Technology Updates the Cost of Technological Advances Annotated Bibliography
Excerpt from Annotated Bibliography :
The Cost of Technological Advances
The development of technological advances has been significant in the last 50 years but more so in the last 30. According to Moore an early pioneer in silicone technology, the capacity for engineering technology innovation is clearly rapid. Moore set a benchmark for silicone technology claiming that capacity would double the number of transistors on a chip, which determines the capacity for memory every 24 months. This law served as a standard for Intel and other chip manufacture companies, creating a demonstrative goal that was followed almost to the letter from its inception to now (Intel, 2011). This rapid advancement of technology has made many functions and aspects of technology capabilities possible as computers and servers can process more and more tasks and information more rapidly than ever. The result of these advances has been both an extreme learning curve cost as well as an extreme financial outlay for many organizations, both as a response to legal and legislative mandates and the need for competitive advantage development.
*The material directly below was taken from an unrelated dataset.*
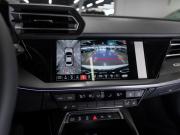 Audi A3 IV (8Y) Рестайлинг Москва  - изображение 42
Though the development of so much capacity and possibilities has made it possible to do and make many things faster and more efficiently than ever before people rarely if ever look specifically at the cost of such technology with regard to human attrition, due to inability to learn and update rapidly enough (Russell, 2011), the loss of organizations based on size and productivity and inability to shoulder costs of upgrading technology and of course likely the most looked at but still neglected financial burden of upgrading technology on a near constant basis. This work will look specifically at these three areas of the cost of technological advance, financial, individual attrition and small organization loss.
Financial Costs and Outcomes
The work will first look at the financial costs of technology advancement, because it is the main aspect of focus for most research and even anecdote and has created a fundamental digital divide between those who can and those who cannot afford to outlay the funds to upgrade on a near constant basis. To better understand this one might look specifically at a very recent social phenomena that is likely in some part associated
with the cost of technological advances, the bankruptcy filing of municipalities. Public entities both small and large have been fundamentally hit by the cost of technological advances, as the cost of providing services such as police and fire emergency services that are bound by public demand and legislative/legal mandates to upgrade technology to most rapidly and efficiently meet the needs of the public. These two areas of public outlay often comprise a majority of public spending and when municipalities like currently, Stockton, CA who states that expenditures by the municipality are comprised by 75% on just these two services, police and fire both of whom have been fundamentally challenged by technology advancement costs. The municipality if it does file bankruptcy (Chapter 9) which it is likely to do in a City Council meeting on Monday (March 19, 2012) will become the largest city in the U.S. To do so and it is likely that this is a result in part of the shouldering of demands for technology advances over nearly everything else, including but not limited to personnel and service infrastructure outside technology (Huff Post, March 17, 2012). This issue demonstrates fundamentally how the cost of technology in both the short- and long-term, can financially cripple even some of the largest organizations and contribute to the creation of whole new financial trends that are not likely to be seen as fundamentally good or progressive for society and community. In the long-term the default of Stockton on bonds and other expenses including pensions will effect individuals greatly, and especially those who have served the public good for the majority of their lives and counted on those entities to care for them when they were no longer able to serve. The increased cost of doing business, contributed to by technology upgrade mandates and other factors is resulting in the loss of historical and future stability for individuals and communities at an unprecedented level.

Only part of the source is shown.